Mr Jason Chow, facilitator of the radio workshop, says, “It’s good exposure for them. This camp gets all the participants excited about the media business. It is easy for people to be critical of media personalities, but only when the students get put in the hot seat will they realise the pressure, and that’s when they’ll be facing their own demons.”
When put in front of the microphone, many of the students were exasperated as they attempted to control the nervousness in their voices.
Yuying Secondary School student Jade Png, 17, recounts her experience in front of the microphone, “It’s my first time. I stammered and had my tongue tied a few times through the capsule. But it was great fun!”
Still, it was not only about deejaying behind the radio stations.
Students learnt about media literacy, or having the “ability to bring critical thinking skills to bear on all media”, which is also what the Media Development of Authority (MDA) hopes to achieve for seven out of ten Singaporeans by 2015.
Unravelling the media
“It’s about the instinct to question what lies behind media productions and how it affects the viewer and the society at large,” says Mr Herald Bangras, who was also in charge of the seminar Violence in the Media.
Mr Clement Tay, trainer at the Advertising Messages seminar, agrees. “Currently, I think youths are too comfortable with order taking, being spoonfed by one or just a few sources of information, and that can be very detrimental to an open, hungry mind.”
As a result, it came as an utter surprise to the students when they found out that there is more than meets the eye in the media content that they mindlessly consume daily.
When Mr Bangras played the track “Relapse” from popular American rapper Eminem’s album and flashed the lyrics on screen, the expression on the students’ faces showed that “they were unnerved if not shocked by the lyrics and the fact that Eminem actually admitted that he was inspired to do the album as a result of watching endless documentaries on serial killers!”
The last day of the SYMCamp 2009 also consisted of a Sports and the Media seminar by Mr Harry Ong, Assistant Director of Sports Industry Development in the Singapore Sports Council.
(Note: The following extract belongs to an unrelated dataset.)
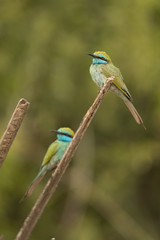 Green bee-eater / Merops orientalis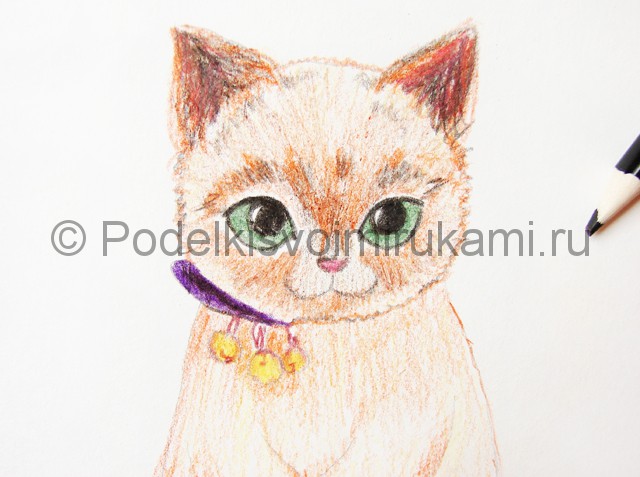Рисуем кошку цветными карандашами - фото 14.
Mr Ong’s main responsibility is to help the media industry create compelling and entertaining sports content. He also aids owners of sports rights discover new areas for revenue in sports media.
Delivering a speech to an enthusiastic crowd of secondary school students, Mr Ong talked about how sports and the media are closely related, using examples like the 2008 Beijing Olympic games where American swimmer Michael Phelps set consecutive world records and the media were quick to report on the event that made headline news.
In its own fun fashion, the camp accomplished what it set out to do.
Adamant Soh, 14, a student from Chung Cheng High School says, “I used to think that the media is for entertainment only. Now, I have realised that actually, the media also tries to convey messages to the audience.”
Bowen Secondary School student Brendon Lim, 16, says, “I enjoyed it because it wasn’t all about sitting in a lecture and listening to people drone on and on. It was a lot of fun having hands-on experience mixing and producing films.”
The SYMCompetition was also launched during the camp, which calls for research papers on the topic of “Sports and the Media” from students in secondary and tertiary institutions. With more than $3000 worth of prizes to be won, how do all these events in SYMCamp 2009 lead up to the SYMConference 2010?
For one, winners of the SYMCompetiton will get to present their papers at the upcoming SYMConference.
When asked if the upcoming SYMC will be different from previous conferences held, FMS lecturer Ms Sonia Chen says, “The previous topic was on Pop Culture, while the SYMConference 2010 will focus on Sports & the Media as Singaporeans - and the Singapore media - focus their attention on upcoming sporting events such as the Youth Olympic Games 2010.”
Many students requested for a SYMCamp 2010, and wished that the radio and filming workshops were longer in duration.
However, there will not be a camp next year as there will be the conference that is themed according to the upcoming Youth Olympic Games in 2010.